As I remember it, he told me he found it in one of the closets at the Central Fire Station (Fire HQ). Clearly, the photo had seen better days and needed to be rescued. It measured 17″ x 14″. It is clearly one of the oldest photos of the Luther Street Fire Station and the firefighters that served there. I felt this photo was incredibly important to our history and it needed to be restored.
So I scanned the photo and set out looking for someone to digitally restore the photo. I posted the job on a website called eLance. Within a very short period of time, I selected someone to do the work. Here is the restored version. It was scanned at such a high resolution, that we can zoom in on areas and see detail that we could never have dreamed existed.
The total restoration cost to me was $200…. a price well worth it. Don’t you think?
The next thing to do was to date the picture. We do have other pictures of the Luther Street Fire Station, so we first compared this picture to the others. There are some clear differences which helped us narrow the time period, but it wasn’t just the Station that helped us determine the date.
1887 First Chiefs & Captains of the SFD
The Stamford Fire Department was officially formed in 1885. But it wasn’t until the appointment of the first full-time Chief, George Bowman, that things really started to get rolling. Using a picture of the 1887 First Chiefs and Captains of the Stamford Fire Department, we have been able to identify the same men in the rescued photo. The other men in the photograph, wearing the Derby’s, are probably the “on Call” members of the SFD.

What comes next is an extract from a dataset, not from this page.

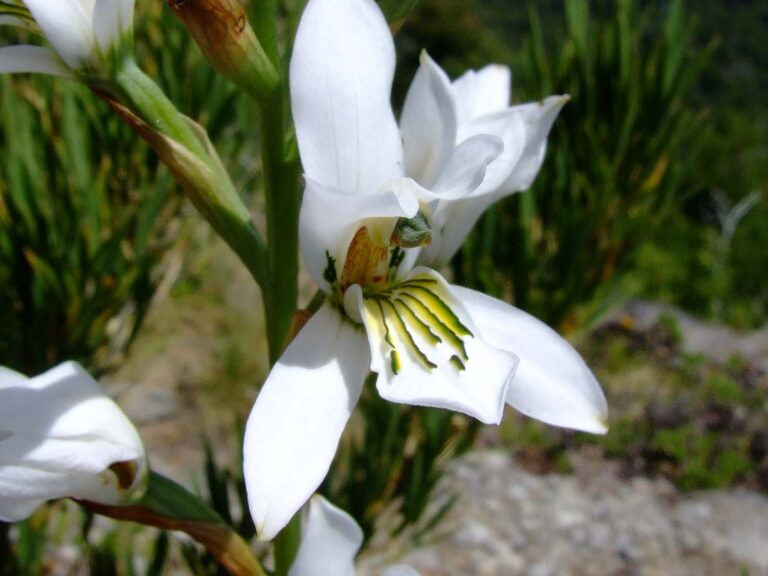 Orquídeas chilenas al mundo: investigadores dan a conocer la belleza enigmática y exótica de unas 72 especies nativas  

Other Highlights of the Picture
Here is a zoomed-in look at the globe light over the bay doors shows 1887. The Luther Street Fire Station underwent a significant expansion and renovations project in December 1886, so this light is probably there to commemorate the year the station re-opened as a full-fledged Fire Station for the SFD.
Is that a dog, a pig or a goat? Whatever it was, it would not sit still for the picture. In those days, the shutter of the camera had to be left open for several seconds in order to capture the picture. So while all the firemen remained motionless, the animals were harder to control, explaining the blur of this animal and the horses.
Even the neighborhood kids got in the picture.
What? Was there no more room in front of the building?
Is that a Cossack driving one of the horse-drawn apparatus?
As a point of interest, no motorized apparatus ever ran out of the Luther Street Fire Station. There are pictures of motorized vehicles in front of the station, but it is known that the first motorized vehicle was bought for the new Central Fire Station on Main Street.